Vanessa Codaccioni est Maître de conference en science politique à l’Université Paris 8. Elle est l’auteure de “Justice d’exception. L’État face aux crimes politiques et terroristes”, CNRS Éditions (2015).

[1] L’état d’urgence, inventé pendant la guerre d’Algérie (1955-1962), a été décrété par le Président de la République le 14 novembre 2015. Le 20 novembre, sa prolongation pour trois mois a été voté à la quasi-unanimité par les assemblées. Par le biais de prolongations successives, il est resté en vigueur jusqu’au 1er novembre 2017.

[2] Sur l’histoire de l’état d’urgence en France et ses dispositifs de contrôle, voir : Sylvie Thénault, « L’état d’urgence (1955-2005). De l’Algérie coloniale à la France contemporaine : destin d’une loi », Le Mouvement social, n°218, p. 63 à 78.

[3] Vanessa Codaccioni, Justice d’exception. L’État face aux crimes politiques et terroristes, Paris, CNRS Éditions, 2015, p. 15.

[4] Loi du 30 octobre 2017 renforçant la sécurité intérieure et la lutte contre le terrorisme.

[5] Comme le note Giorgio Agamben : Homo Sacer. Etat d’exception, Paris, Seuil, 2003, 151p.

[6] Vivienne Jabri, « La guerre et l’État libéral démocratique », Cultures&Conflits, n°61, 2006, p. 7.

[7] Ibidem.

[8] Ibidem.

[9] Vanessa Codaccioni, Justice d’exception…, op.cit., p. 287 à 290.

[10] En décembre, seule deux enquêtes préliminaires ont néanmoins été ouvertes par la section antiterroriste de Paris.

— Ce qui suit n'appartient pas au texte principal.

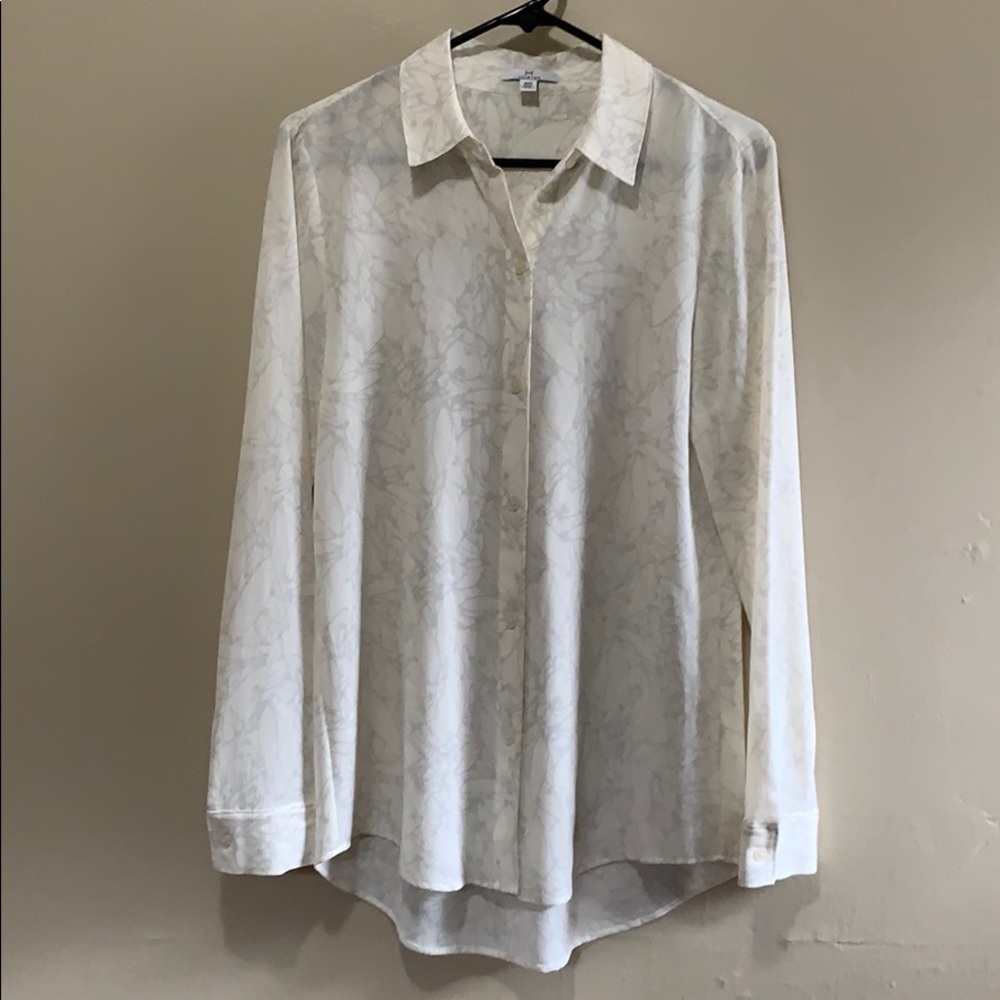 Med Cream and Gray Patterned Halston Blouse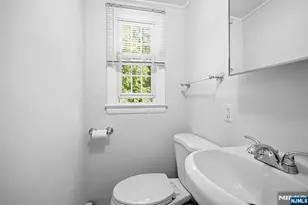 557 Monroe Ct, River Edge, NJ 07661 - Photo 8
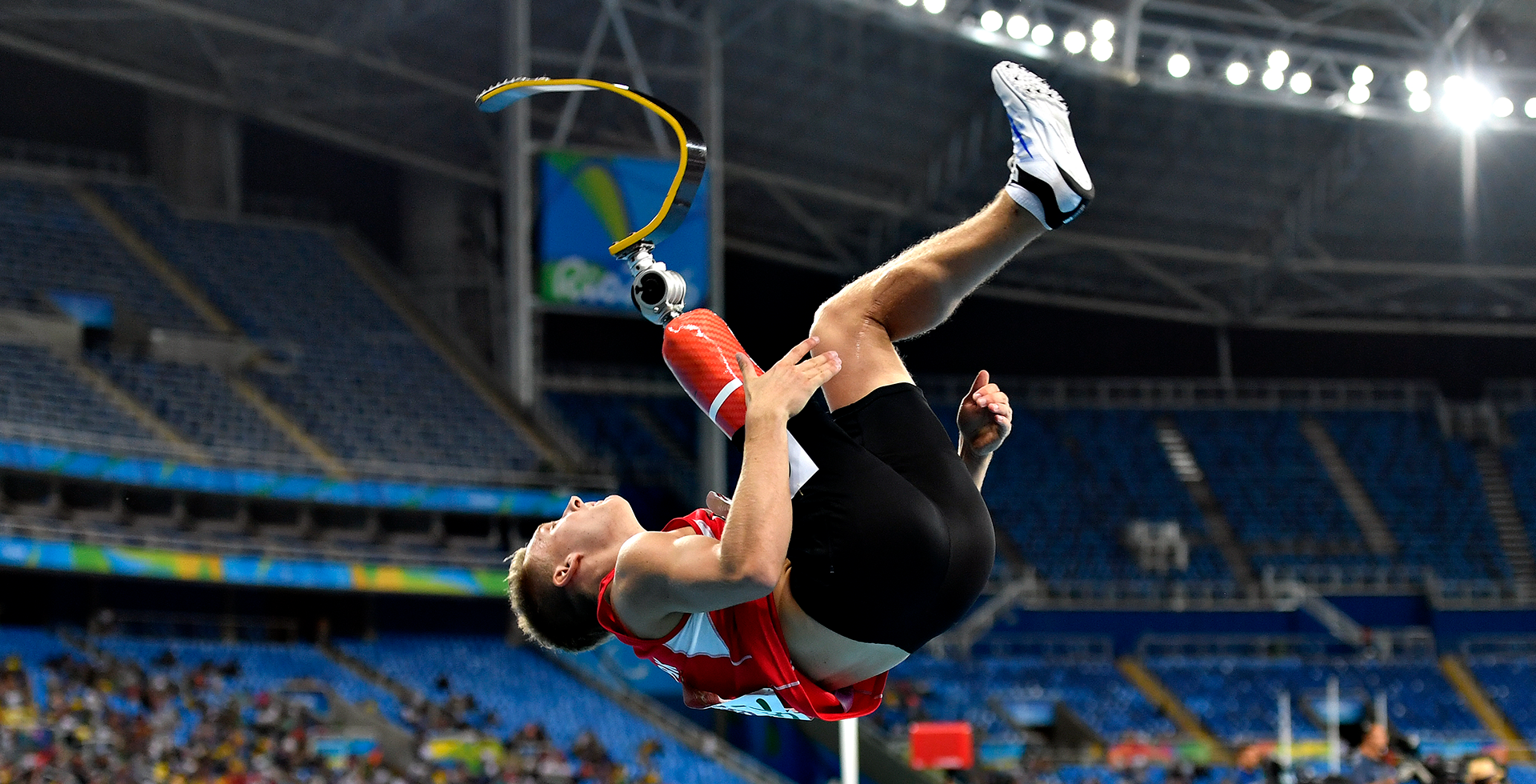 也表明他不 也表明他不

[11] « Etat d’urgence : le CCIF dénonce le ciblage tout azimut des musulmans », Le Monde, 10 février 2016.

[12] www.islamophobie.net

[13] Lila Charef, « Les conséquences de l’état d’urgence sur la société française », Colloque Etat d’urgence : usages contemporains et évolution des normes, Université Paris 8 site Pouchet, 26 octobre 2017.

[14] Intervention de Lila Charef lors d’une conférence de presse organisée par la CNCH le 29 septembre 2017.

[15] « Etat d’urgence : le CCIF dénonce le ciblage tout azimut des musulmans », Le Monde, 10 février 2016.